32

O ut in the salone, I detected mouth-watering odors from the kitchen. Noemi was hovering there anxiously. Noemi is so delicate she could almost hover literally, and I can never meet her eye without smiling.

“Ready?”

She nodded vigorously.

“I shall tell the Maestro,” I said. “It seems our feast is ready, Your Excellency.”

Gritti walked on without comment, ignoring the statuary and paintings. Back at the atelier we found Vasco sitting on a chair-not one of the best-and sipping a glass of wine. Loss of blood always imparts a strong thirst and the redness of wine makes it the best fluid to help the body replace the loss. He was huddled under a blanket, which at least hid his bandaged arm and blood-ruined garments. His pallor was less marked than before, but with a grotesquely swollen nose trailing wisps of packing and two rapidly developing black eyes, he looked as if he had fallen headfirst off a bell tower. I don’t say he had earned all that. I don’t say he hadn’t, either.

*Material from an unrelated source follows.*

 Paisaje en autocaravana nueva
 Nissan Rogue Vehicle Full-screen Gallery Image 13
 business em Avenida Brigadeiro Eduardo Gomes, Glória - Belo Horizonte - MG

Beside him stood Missier Grande, who was a surprise but not much of one, for he would have heard from the fante about his deputy’s injury. The look he gave me conveyed little appreciation of the work I had done to bring the man back alive.

The Maestro was wiping his hands on a damp cloth. He scowled approvingly at me. “If you must waste so much money on clothes, they deserve to be worn in good company. I was just telling Missier Grande that his vizio owes his life to you yet again, Alfeo.”

“Again?” murmured the inquisitor. “You mean again after yesterday?”

“No.” The Maestro’s smirk told me that he had been dragging bait, although Gritti might not realize that. “I was thinking of the time when the gondola overturned and Alfeo had to tow the vizio to shore.”

“Our prima colazione is ready, master,” I said hopefully.

“Your Excellency,” Missier Grande said, “I should see the vizio home.”

“Not just yet.” Gritti walked over to one the green chairs and turned it so he could include Vasco in his field of view. “First I want answers to a couple of questions.”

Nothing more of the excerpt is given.